Monday, Feb. 13, 1928

Museum Piece

In the famed air museum of the Smithsonian Institution, Washington, D. C., where the Spirit of St. Louis will be rolled to rest after her current journeys, the world's first airplane may be forever a notable absentee. Last week the machine in which the Wright Brothers made their inaugural flight at Kittyhawk, N. C., in 1903, started for a London museum.

Patriots pounced upon Orville Wright in Dayton crying: "Why?" Mr. Wright had his reasons. The first was the Kittyhawk flight. The second was famed Samuel Pierpont Langley, onetime secretary of the Smithsonian Institution. Able Langley had made many experiments in aviation including the construction of a machine capable of sustaining man in flight. When, some years gone, the Smithsonian wrote the Wrights for a machine, the original "wings of man" was offered. It was gently refused with the suggestion that a later Wright machine might be preferable.
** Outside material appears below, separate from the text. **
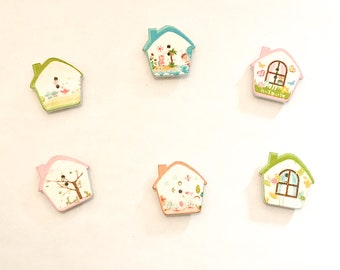 Little House Needle Minder, needle magnet, needle minders, needle saver, needle minder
It seems that the Smithsonian, honoring their secretary, had already in residence the Langley machine, placarded as the first heavier than air machine. Enlightening experiments had been made with this machine in 1903, but it is a matter of record that the Wright ship was the first actually in flight. Orville, grieved that his machine would not go to Washington, asserted that such was his late brother Wilbur's wish. But under the circumstances they preferred London, and credit where credit is due.

Dr. Charles Greeley Abbot, head of the

Institution, gravely regretted Mr. Wright's decision. He said the wording on the Langley placard had been altered; that the brothers Wright had long ago been presented by the Institution with the Langley Medal for "the first successful flight."